CMSC 212
Project #3
Due
This assignment follows on to project P1. In that project
you wrote a disassembler. In this project you will
write an assembler, and an interpreter for the described machine.
Refer to the P1’s description of the simulated computer and instruction set.
The first part of the assignment is to write an interpreter that executes each instruction in the program. The prototype of the function to do this is:
int execute(memoryLocation
memory[],
int
startingPC, int traceOn);
The first parameter is the memory of the computer. The second parameter is first address to execute, and the third parameter is a flag to indicate if the machine should produce debugging output (whatever is useful to *you*, our testing routines will not use it).
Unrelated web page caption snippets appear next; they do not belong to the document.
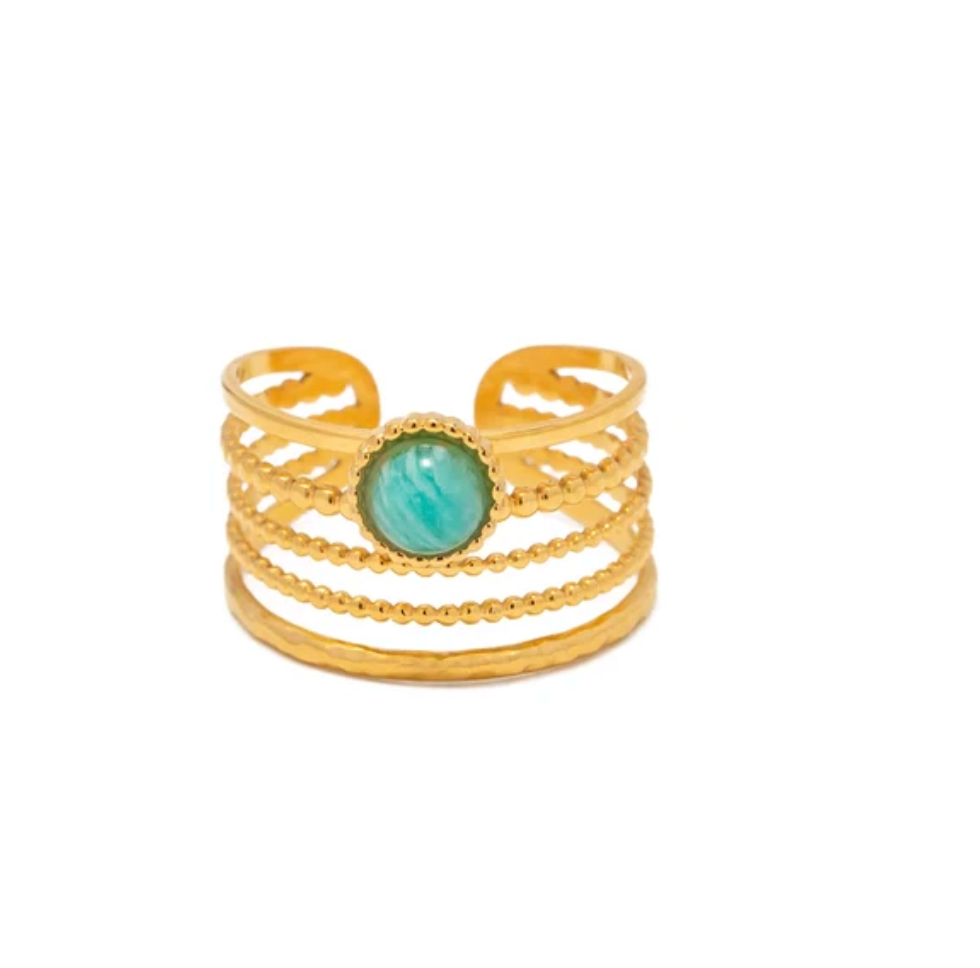 Eleganter Ring in Goldfarbe mit strahlendem Türkisstein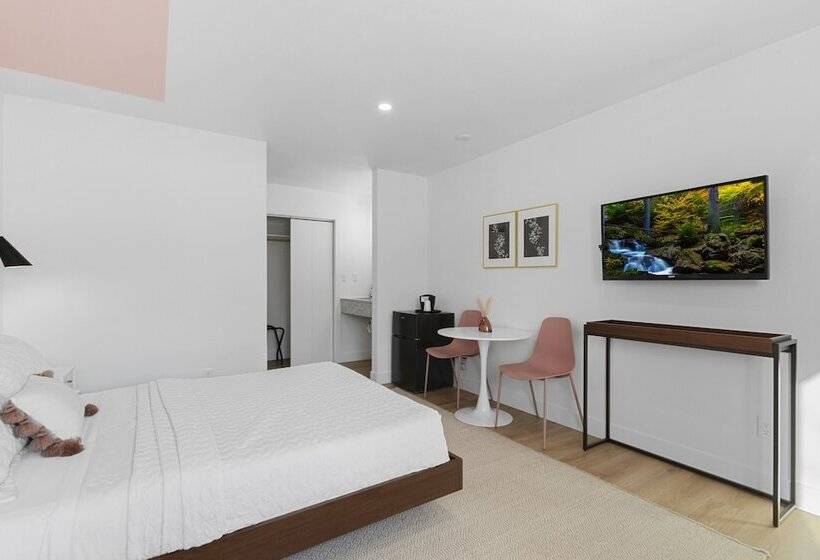 فندق على الطريق Cashmere Inn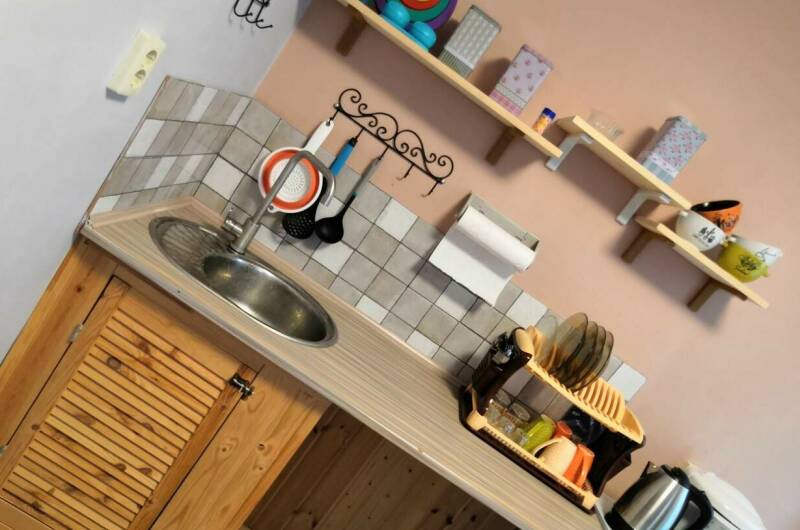 Домик № 2 на 4 спальных места с кухней и верандой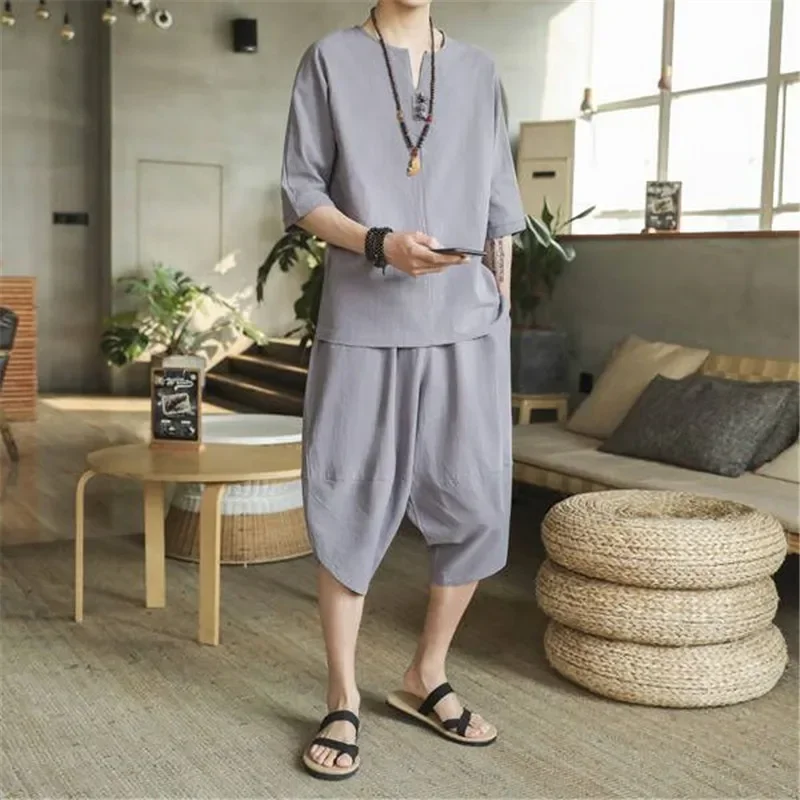 YASUGUOJI Neue Sommer Casual Half-hülse V-ausschnitt Pullover mit Knie Länge Hosen 2 Stück Set Männer Lose Männer Shorts set Männlichen Strampler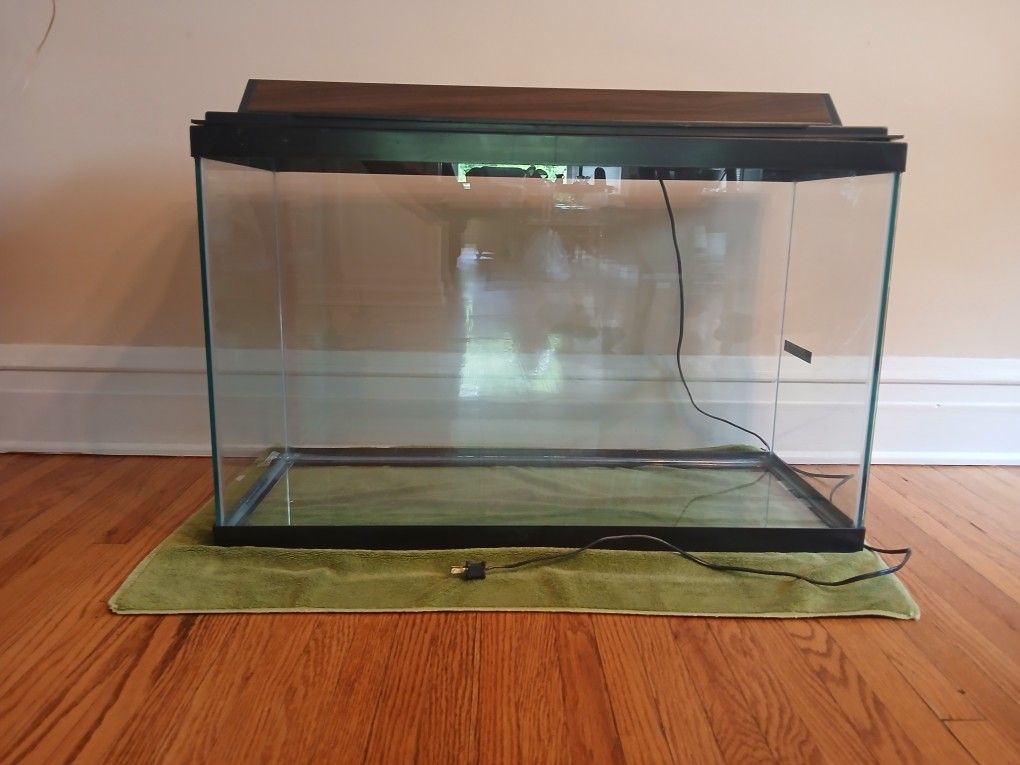 Salt Water Fish Tank - 29 Gallon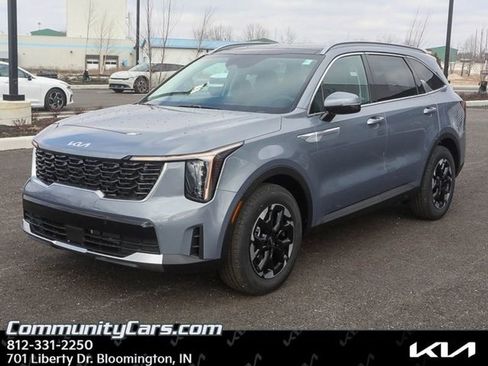 Certified 2025 Kia Sorento S w/ Panoramic Sunroof Package image 2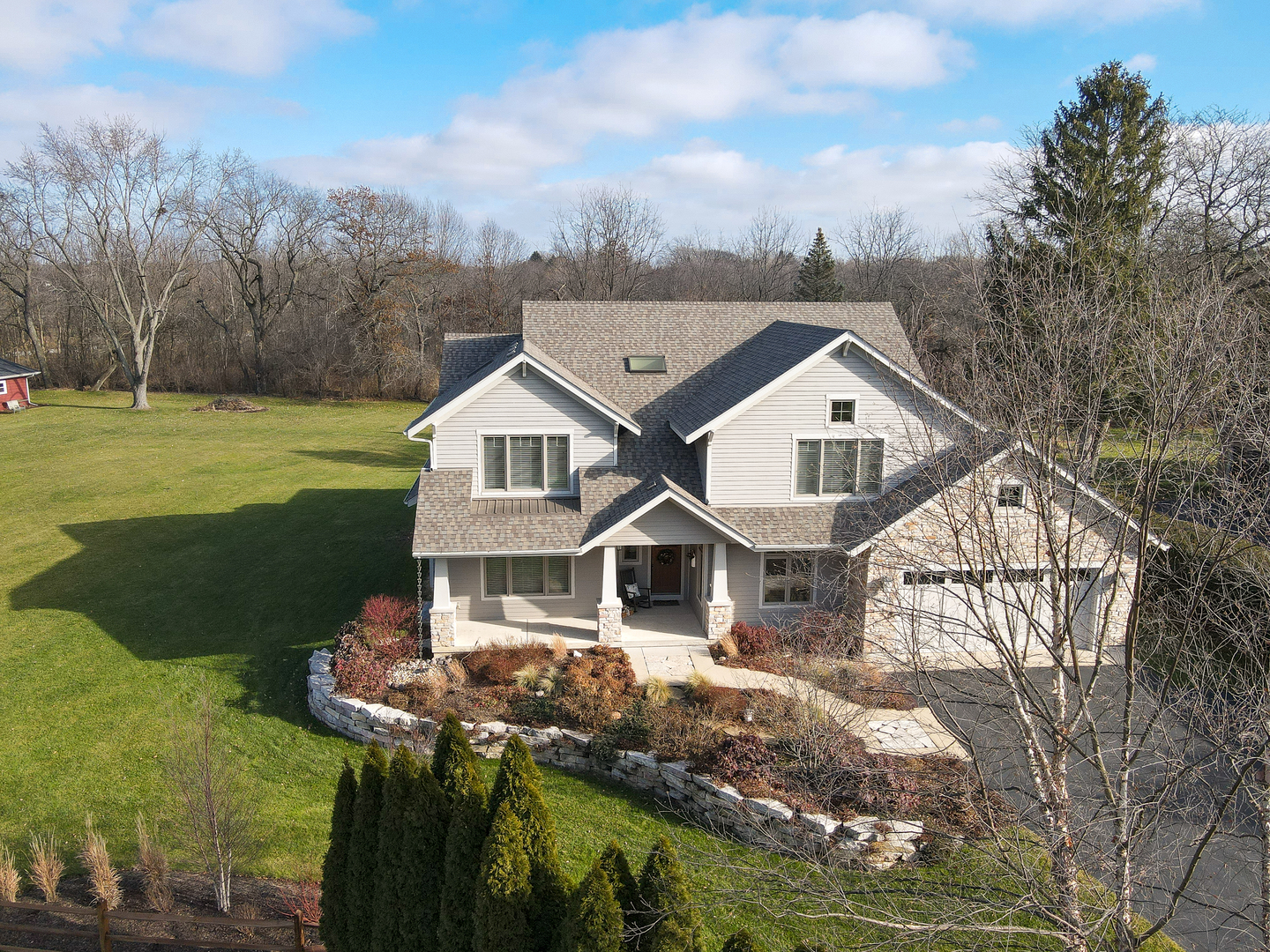 2S245 Riverside Parkway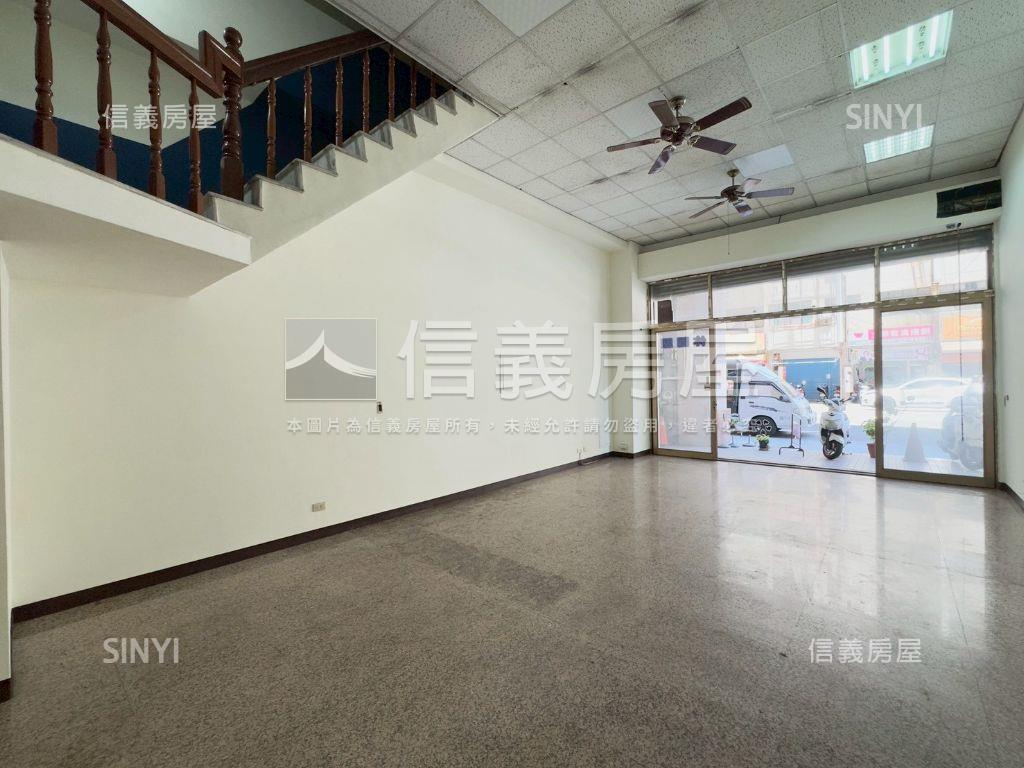 鳳山青年路面寬挑高金店面房屋室內格局與周邊環境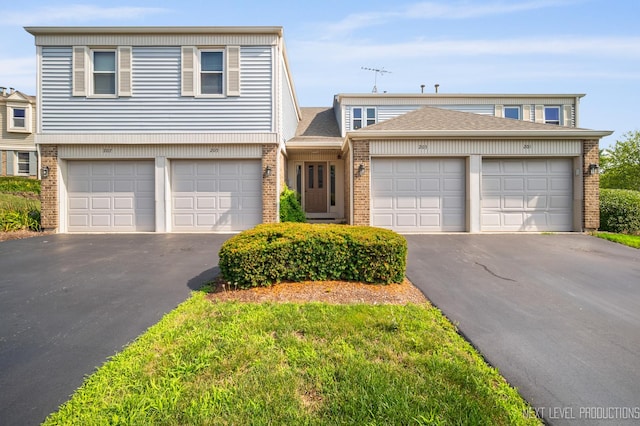 203 Auburn Ct Unit 203, Saint Charles, IL 60174 - photo 1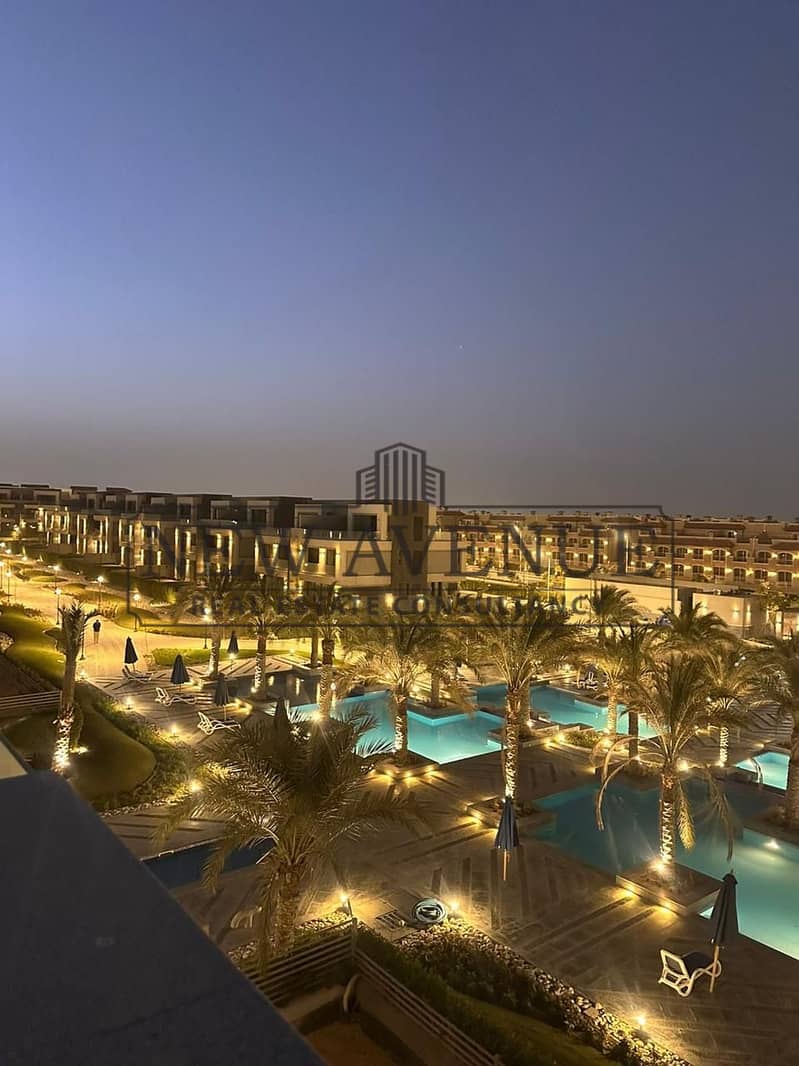 rare unit -ready to move- prime location overlooking landscape with downpayment and installments- bahary - town house for sale in patio2 - New Cairo - Mehr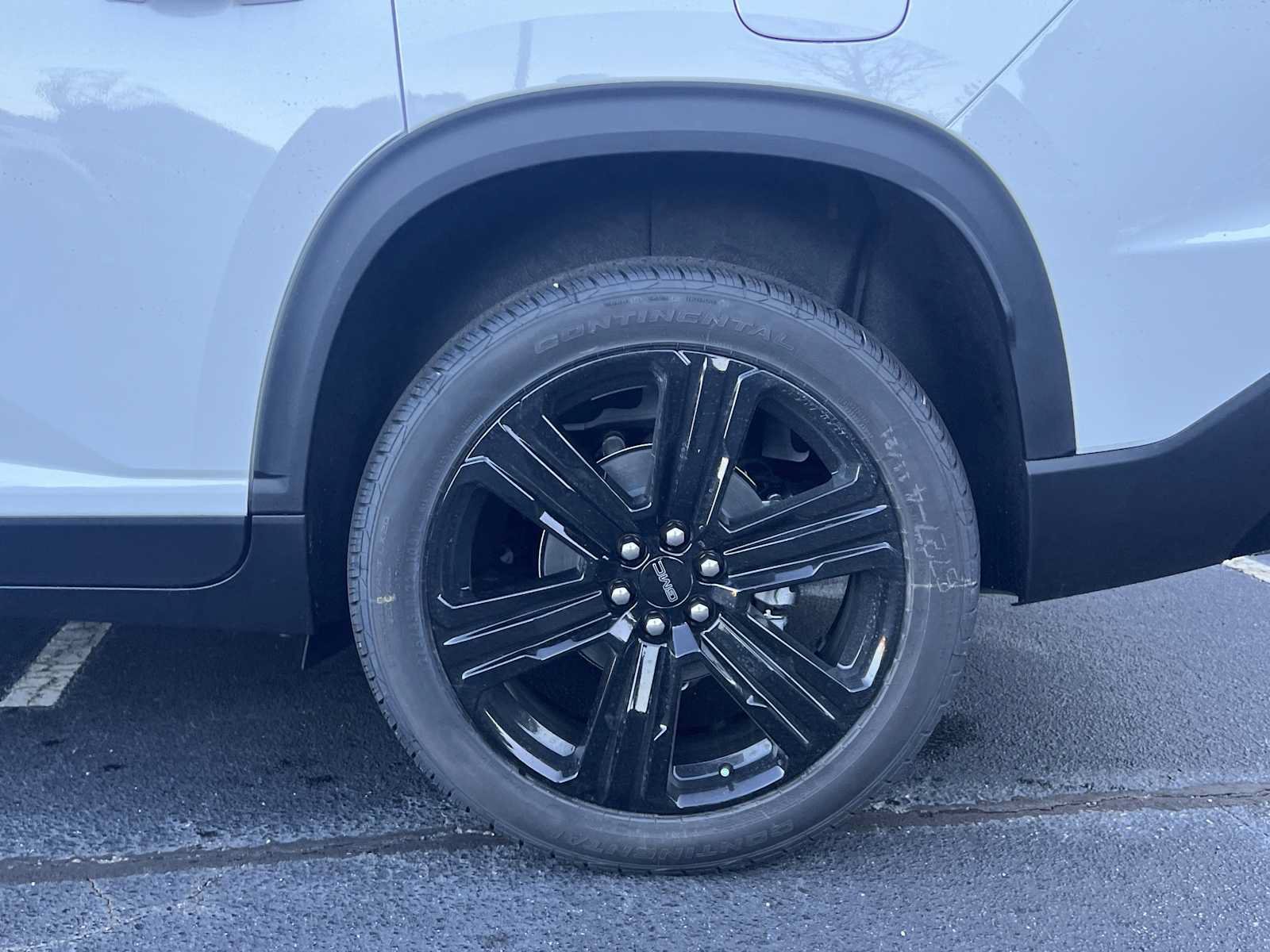 New 2026 GMC Acadia Elevation w/ Black Edition FWD image 27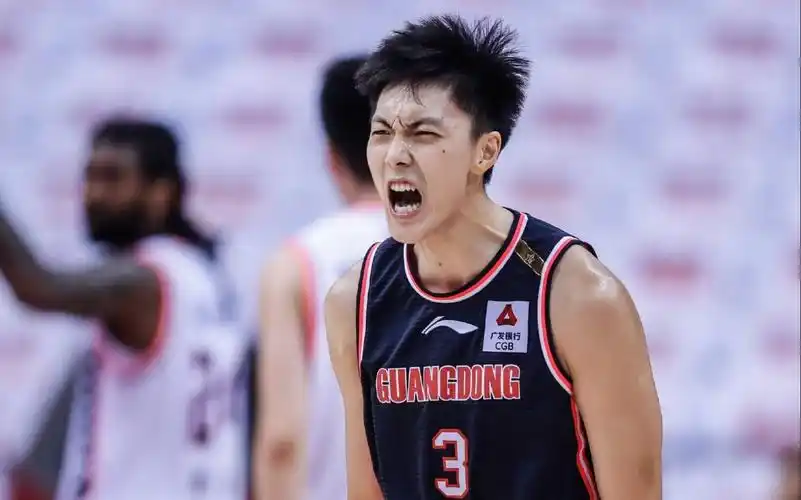 广东宏远胡明轩超燃混剪!电竞少年的篮球路!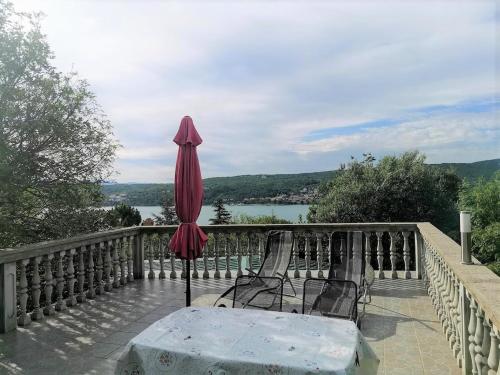 Gallery image of Apartments Vedrana in Dobrinj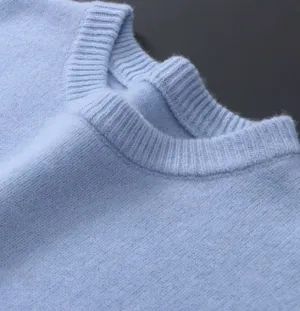 OSCAR - WARM CASHMERE-LIKE SWEATER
If the program executes a Halt instruction, the function should return the number of instructions executed (including the halt instruction). If an error is detected (such as an invalid instruction), the function should return “–1”.
The second part of the assignment is to write an assembler. An assembler is a tool that reads program instructions in a format similar to what you produced for P1 and converts them into instructions stored memory locations. The prototype for this function is
int assemble(char *fileName, memoryLocation mem[]);
The first parameter is the name of a file that contains a program to be loaded. The second parameter is the memory of the computer. The return value should be the number of words assembled (both instructions and data) for a file of valid assembly code. The value “-1” should be returned on error.
The syntax of the assembly file looks very similar to the output of P1. However, one addition is the idea of symbolic labels. Symbolic labels may be used to identify an instruction in the program, and then another instruction may refer to this label. For example,
TOP: Add R1 R2 R3
Bnn R3 TOP
In this example, the second instruction would branch to the memory location of the first instruction when the value of R3 is non-negative. A colon always follows symbolic label definitions. The sample files provided with this assignment include additional example programs.
Place your new code for this assignment in machine.c, for the function execute(), and assembler.c for assemble() (and any helper functions you decide to write). disassemble.c will contain your disassembler from P1.
NOTE: Only place code in
assemble.c, disassemble.c,
or machine.c. No other files will be compiled. The
one exception is that you may create new header files. However, do NOT modify old header files.
Additional details:
1) All registers and memory should be initialized to zero at start of a run.
2) Correctness will be graded by inspecting return values (correctly flagging invalid code by returning -1, for example), and the contents of memory after code has been run.
3) The amount of white space (spaces, tabs) between tokens (opcodes, registers, etc.) is variable.
4) Your code should check for extra tokens on the line that should not be there (e.g. “Add R2 R3 R4 R5” should be caught).
5) You must use your disassemble.c in this project. Do not use anyone else’s. If yours still does not work, work w/ the TA to get it going.
1) To read the file in for the assemble() function, you can call the routine
int getFile(char *fileName, char file[MEM_SIZE][80])
we provide. This function will read file named in the first parameter into the two dimensional array of characters in the second parameter. Each element of the outer array is a line in the original file.
2) The strtok() library call can parse lines with variable amounts of white space into tokens. Read the man page (“man strtok” at the command line) for details.
3) The example files we provide will not exercise every opcode and every error condition. Be sure to write plenty of test files before attempting to release-test.